All lines from the one holding "this 1024×768 image." down to the last line of the entries are to be reproduced exactly, with no other lines.
Start of Source material
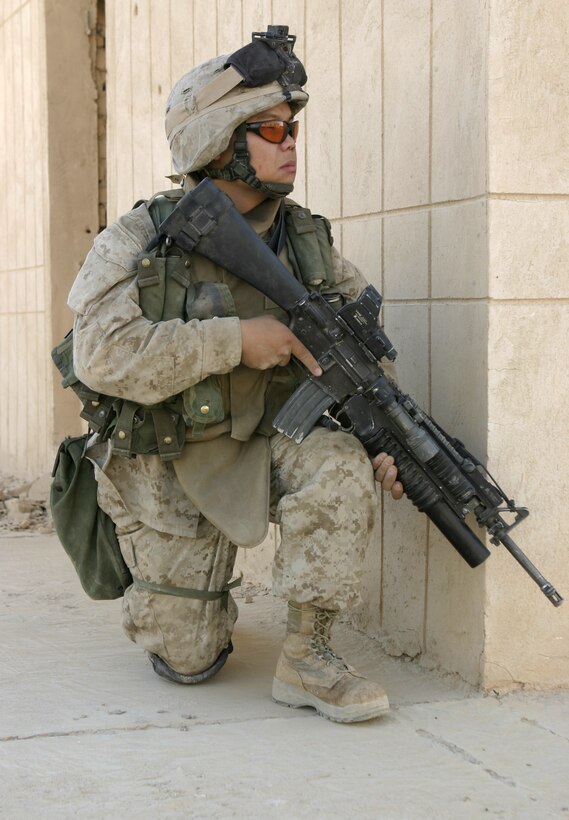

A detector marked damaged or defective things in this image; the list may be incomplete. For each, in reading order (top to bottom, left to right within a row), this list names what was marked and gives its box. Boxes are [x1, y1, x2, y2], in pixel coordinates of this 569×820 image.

crack in concrete [414, 732, 516, 788]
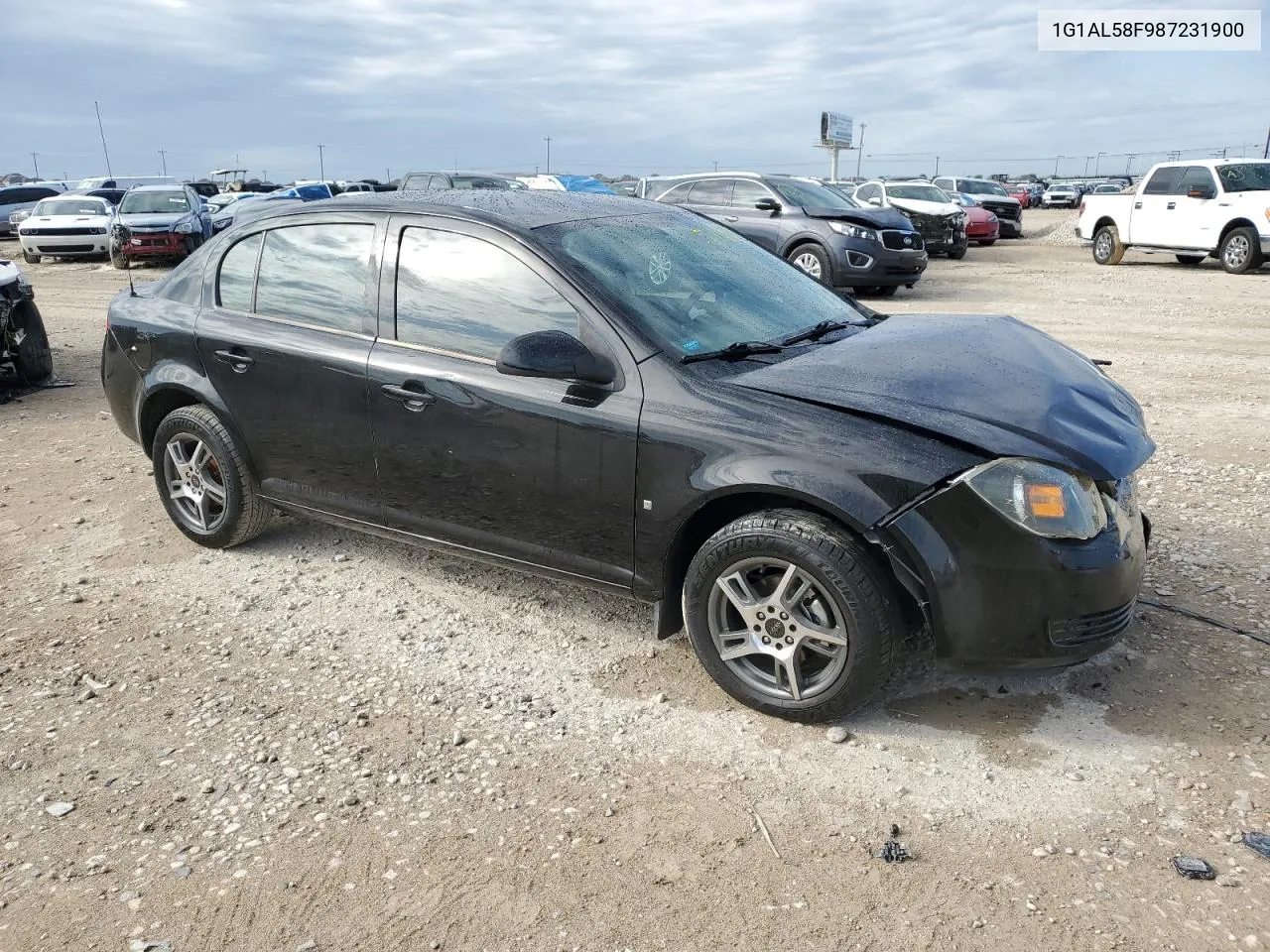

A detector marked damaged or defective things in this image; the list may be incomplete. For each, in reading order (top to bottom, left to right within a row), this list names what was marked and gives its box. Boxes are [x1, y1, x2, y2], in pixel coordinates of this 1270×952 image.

dented hood [731, 314, 1158, 484]
damaged front bumper [873, 477, 1153, 669]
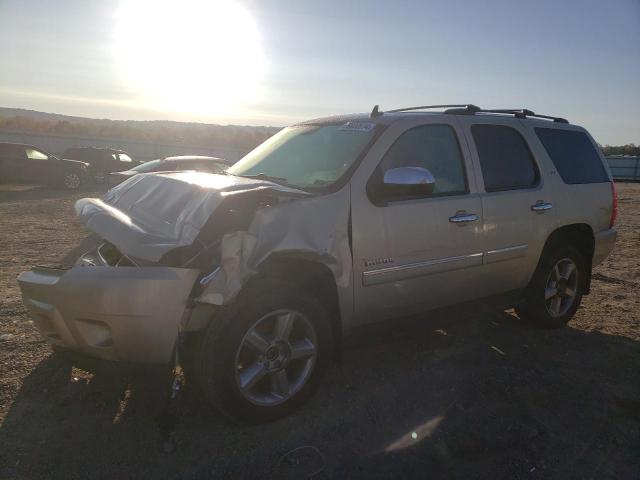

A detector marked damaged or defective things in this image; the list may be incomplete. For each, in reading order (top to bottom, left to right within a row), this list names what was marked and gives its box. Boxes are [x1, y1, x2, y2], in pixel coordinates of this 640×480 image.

crumpled sheet metal [74, 171, 308, 262]
crushed hood [75, 172, 310, 262]
crumpled sheet metal [198, 188, 352, 318]
damaged silver suv [17, 104, 616, 420]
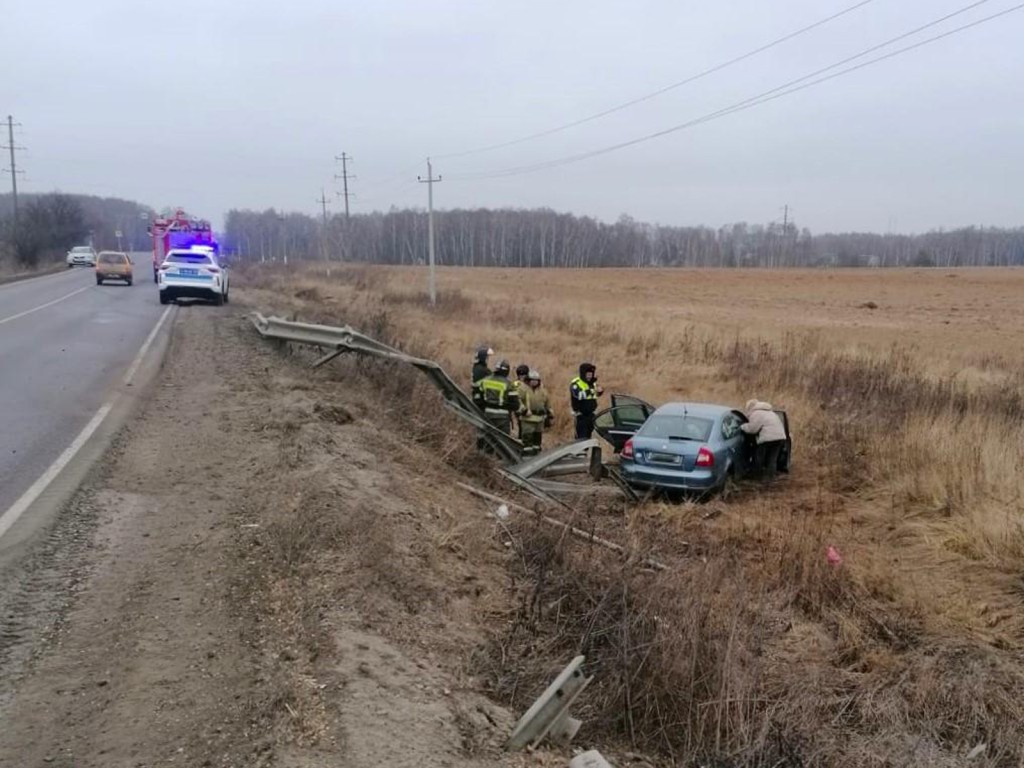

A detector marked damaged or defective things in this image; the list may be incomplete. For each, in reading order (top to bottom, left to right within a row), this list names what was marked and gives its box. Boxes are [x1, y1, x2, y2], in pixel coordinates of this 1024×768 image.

crashed sedan [593, 393, 790, 495]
End of Source material
Task result |
A detector marked damaged or defective things in this image; the list may be incomplete. For each, in reading order (top to bottom, left to right within a row), this list names what was marked and gives its box. Boxes are [x1, y1, x2, y2], in pixel coordinates of this 1024×768 image.

crashed sedan [593, 393, 790, 495]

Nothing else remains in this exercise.